Records from a data collection:
******************************

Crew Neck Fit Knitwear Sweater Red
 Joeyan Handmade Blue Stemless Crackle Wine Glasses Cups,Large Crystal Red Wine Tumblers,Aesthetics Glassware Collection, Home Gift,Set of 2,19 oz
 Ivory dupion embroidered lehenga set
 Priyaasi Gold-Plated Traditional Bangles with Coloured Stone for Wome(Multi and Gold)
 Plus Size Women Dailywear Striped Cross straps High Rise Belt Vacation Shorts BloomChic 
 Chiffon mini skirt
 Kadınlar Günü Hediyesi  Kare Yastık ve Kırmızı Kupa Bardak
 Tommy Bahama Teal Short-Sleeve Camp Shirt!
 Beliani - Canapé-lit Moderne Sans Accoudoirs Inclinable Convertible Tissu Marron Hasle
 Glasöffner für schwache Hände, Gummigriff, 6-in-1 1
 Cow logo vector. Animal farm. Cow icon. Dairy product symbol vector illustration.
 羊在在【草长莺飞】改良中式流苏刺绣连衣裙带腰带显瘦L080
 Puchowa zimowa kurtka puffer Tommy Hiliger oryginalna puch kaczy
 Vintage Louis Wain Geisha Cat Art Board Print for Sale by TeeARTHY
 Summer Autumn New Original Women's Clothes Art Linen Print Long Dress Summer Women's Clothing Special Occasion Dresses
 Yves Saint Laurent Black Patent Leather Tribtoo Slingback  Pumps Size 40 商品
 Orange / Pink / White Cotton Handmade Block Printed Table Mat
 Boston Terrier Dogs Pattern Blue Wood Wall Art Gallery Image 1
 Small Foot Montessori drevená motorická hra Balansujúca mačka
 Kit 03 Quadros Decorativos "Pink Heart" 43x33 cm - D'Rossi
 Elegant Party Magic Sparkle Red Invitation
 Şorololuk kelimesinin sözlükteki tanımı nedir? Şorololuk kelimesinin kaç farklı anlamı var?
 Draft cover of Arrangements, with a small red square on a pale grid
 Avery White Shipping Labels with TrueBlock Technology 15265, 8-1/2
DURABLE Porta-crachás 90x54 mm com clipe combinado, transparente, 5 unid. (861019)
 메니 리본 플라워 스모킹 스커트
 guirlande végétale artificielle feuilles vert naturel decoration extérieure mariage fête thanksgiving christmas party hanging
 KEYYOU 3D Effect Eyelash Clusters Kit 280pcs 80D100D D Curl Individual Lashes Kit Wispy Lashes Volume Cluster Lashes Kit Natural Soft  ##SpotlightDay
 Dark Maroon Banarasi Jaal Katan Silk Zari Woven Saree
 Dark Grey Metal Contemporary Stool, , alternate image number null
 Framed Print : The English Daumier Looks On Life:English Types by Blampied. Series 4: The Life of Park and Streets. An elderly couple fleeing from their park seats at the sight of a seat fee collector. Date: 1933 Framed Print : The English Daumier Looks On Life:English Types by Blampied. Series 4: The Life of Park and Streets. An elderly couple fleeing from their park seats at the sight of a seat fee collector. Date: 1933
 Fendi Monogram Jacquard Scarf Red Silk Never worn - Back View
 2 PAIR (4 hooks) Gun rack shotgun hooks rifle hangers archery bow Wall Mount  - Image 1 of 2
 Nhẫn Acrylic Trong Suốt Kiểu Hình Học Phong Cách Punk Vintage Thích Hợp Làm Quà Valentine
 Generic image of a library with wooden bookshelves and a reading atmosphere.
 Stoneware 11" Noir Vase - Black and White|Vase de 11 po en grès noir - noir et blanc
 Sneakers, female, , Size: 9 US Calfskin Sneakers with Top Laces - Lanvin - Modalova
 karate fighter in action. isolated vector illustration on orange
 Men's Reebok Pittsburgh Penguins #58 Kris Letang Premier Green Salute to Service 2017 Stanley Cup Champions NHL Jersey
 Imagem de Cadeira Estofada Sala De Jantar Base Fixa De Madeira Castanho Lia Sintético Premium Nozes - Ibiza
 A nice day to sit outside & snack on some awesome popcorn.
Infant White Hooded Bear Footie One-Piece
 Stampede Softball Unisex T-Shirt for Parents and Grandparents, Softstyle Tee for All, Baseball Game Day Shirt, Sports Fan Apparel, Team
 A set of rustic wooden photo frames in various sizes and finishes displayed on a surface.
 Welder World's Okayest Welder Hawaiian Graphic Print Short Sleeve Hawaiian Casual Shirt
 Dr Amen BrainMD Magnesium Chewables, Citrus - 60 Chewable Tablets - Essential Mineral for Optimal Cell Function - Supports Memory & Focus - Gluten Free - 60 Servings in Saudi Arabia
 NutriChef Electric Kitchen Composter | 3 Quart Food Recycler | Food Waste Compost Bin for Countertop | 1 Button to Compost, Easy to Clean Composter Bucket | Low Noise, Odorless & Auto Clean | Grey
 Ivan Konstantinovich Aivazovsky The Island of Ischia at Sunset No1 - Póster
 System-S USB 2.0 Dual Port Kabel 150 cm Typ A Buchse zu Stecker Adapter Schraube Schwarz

******************************

Action item: All that belongs in the answer is the lines from the start of the entries above through the line containing "Ivory dupion embroidered lehenga set", each given exactly.

Written answer:
Crew Neck Fit Knitwear Sweater Red
 Joeyan Handmade Blue Stemless Crackle Wine Glasses Cups,Large Crystal Red Wine Tumblers,Aesthetics Glassware Collection, Home Gift,Set of 2,19 oz
 Ivory dupion embroidered lehenga set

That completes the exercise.